**SOURCE DATA**
※
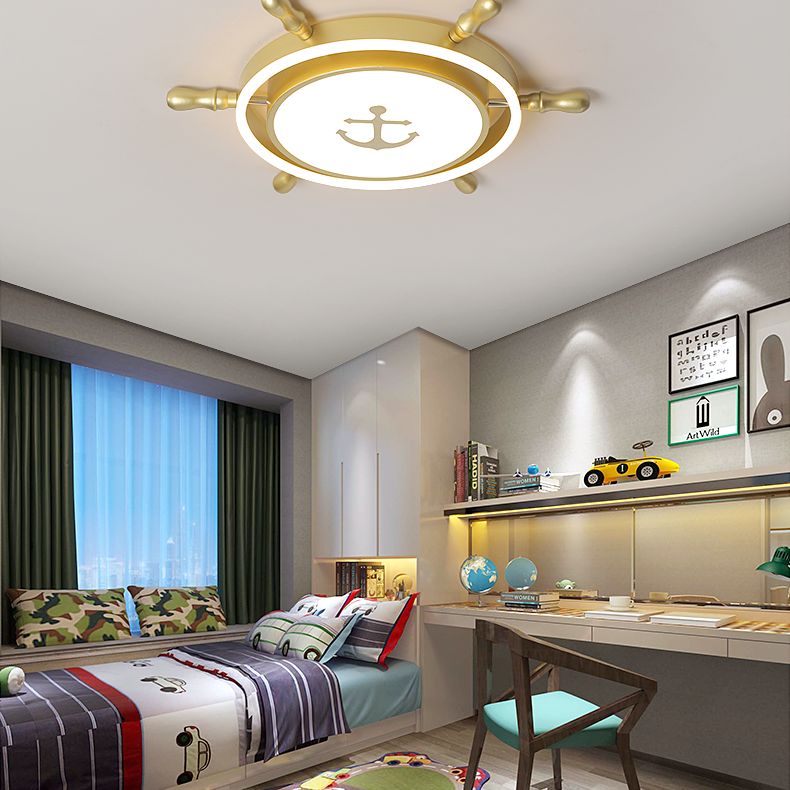 Mediterranean Style Ceiling Light Fixture Children's Room Bedroom Multi-colored Cute Kindergarten Cartoon Rudder Lamps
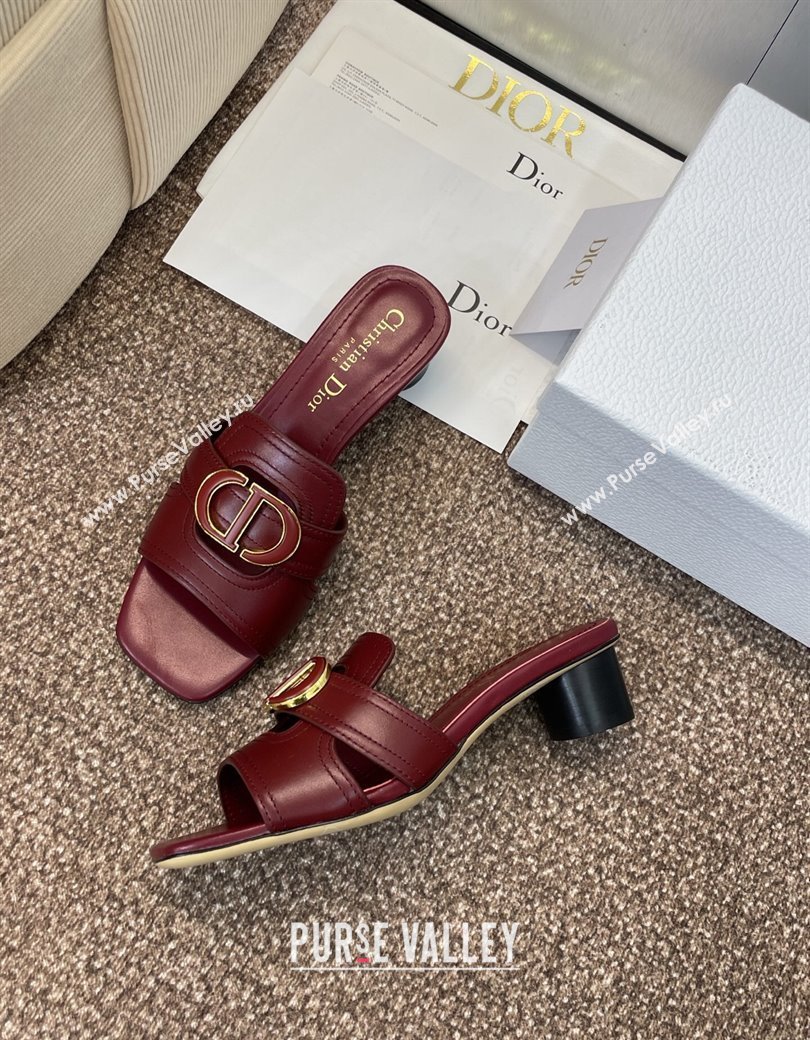 Dior 30 Montaigne Heel Slides Sandal 4.5cm in Calfskin Leather Burgundy 2025 DR082205 (JC-250822091)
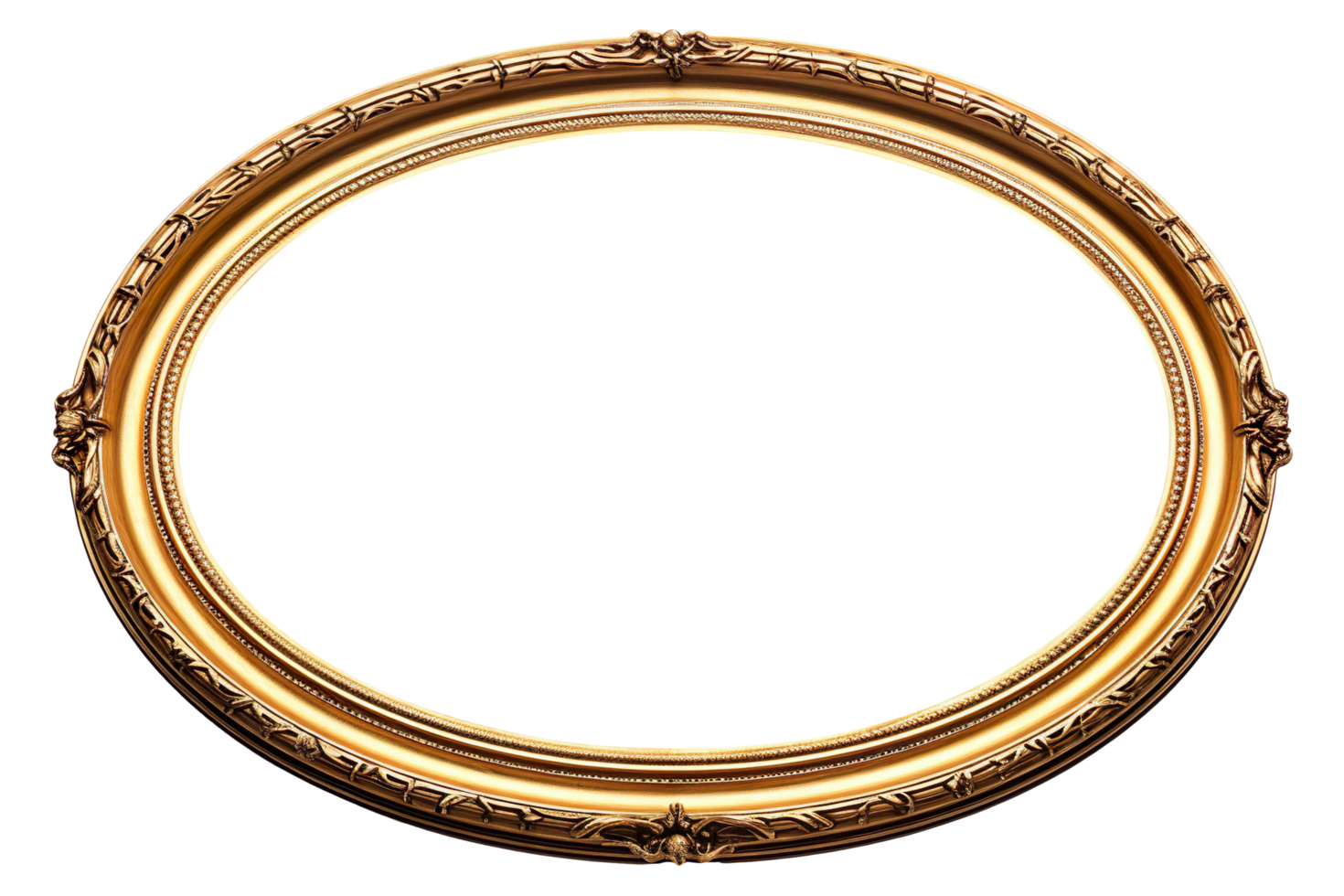 Antique round oval gold picture mirror frame isolated on transparent background png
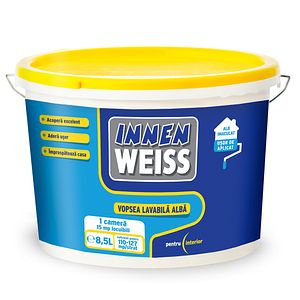 Vopsea lavabila Innenweiss pentru interior, 8.5L, alb
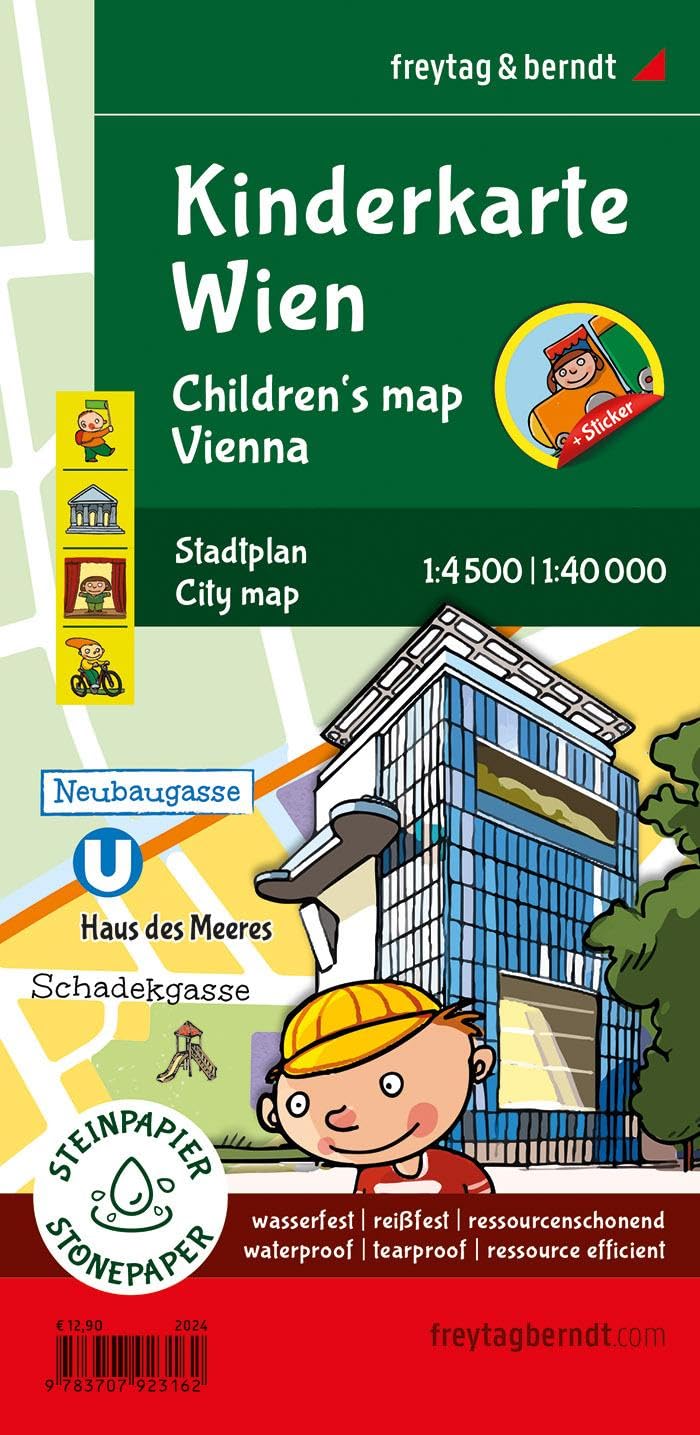 Kinderkarte Wien, Poster 1:40.000, freytag & berndt: 90 x 61 cm, mit Innenstadtplan und Stickerbogen, deutsch / englisch (freytag & berndt Poster + Markiertafeln) Leisure, Home & Garden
※
**WHAT YOU ARE ASKED TO DO**
The task calls for every line of the data to be returned exactly, without pictures.

**YOUR RESPONSE**
 Mediterranean Style Ceiling Light Fixture Children's Room Bedroom Multi-colored Cute Kindergarten Cartoon Rudder Lamps
 Dior 30 Montaigne Heel Slides Sandal 4.5cm in Calfskin Leather Burgundy 2025 DR082205 (JC-250822091)
 Antique round oval gold picture mirror frame isolated on transparent background png
 Vopsea lavabila Innenweiss pentru interior, 8.5L, alb
 Kinderkarte Wien, Poster 1:40.000, freytag & berndt: 90 x 61 cm, mit Innenstadtplan und Stickerbogen, deutsch / englisch (freytag & berndt Poster + Markiertafeln) Leisure, Home & Garden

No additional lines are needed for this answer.